As he finished a telephone interview with "Good Morning America" on physicians diagnosing or treating patients over the Internet, a "Prime Time Live" crew was packing its gear after taping a segment on human experimentation. Before that, the Nickelodeon children's network had set up cameras in the office for an interview on stem cells.
"Bioethics probably has topped the chart of its visibility when the president makes his first speech on bioethics and appoints his bioethics adviser," Caplan said. "I guess that's bigger than I would have guessed we would get."
Began with 1976 case
Widespread public discussion of the ethics of science was largely unheard of a quarter-century ago, until the New Jersey Supreme Court ruled in the nation's first major right-to-die case in 1976 that Karen Ann Quinlan's parents had the right to remove her from life support.
"That issue brought bioethics into the American consciousness," Caplan said.
Until then, the moral implications of such decisions had mainly been debated in think tanks, said Caplan.
After the Quinlan case, public interest was again piqued when Louise Joy Brown, the world's first test-tube baby, was born in 1978 in England. That was when Caplan, then an instructor at the Columbia University medical school, received his first bioethics-related call from a reporter.

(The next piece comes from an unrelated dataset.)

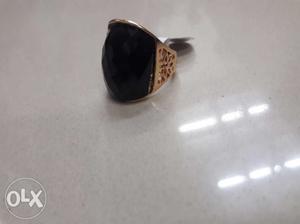 Gold-colored Ring With Black Encrusted Gemstone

"I said, 'Is it safe? Is it natural? Who's liable if something goes wrong? Did the parents understand, did they have informed consent?"' he recalled.
From drizzle to rain
From there, interest "grew from a little drizzle to a rain," he said.
Bioethicists are now confronting such issues as surrogate parenting, physician-assisted suicide and genetic engineering.
"That map over there is going to generate more stuff," he said, pointing to a chart on his office wall of the newly cracked human genetic code. "Are we going to test people's genes in the workplace? Are we going to engineer people to be stronger, faster, better?"
Caplan, 51, holds a Ph.D. in philosophy, not a medical degree. Before coming to Penn, he was, among other things, director of the Center for Biomedical Ethics at the University of Minnesota.
In interviews, instead of pronouncing things good or bad, "I'm interested in warning, or getting people to think," he said.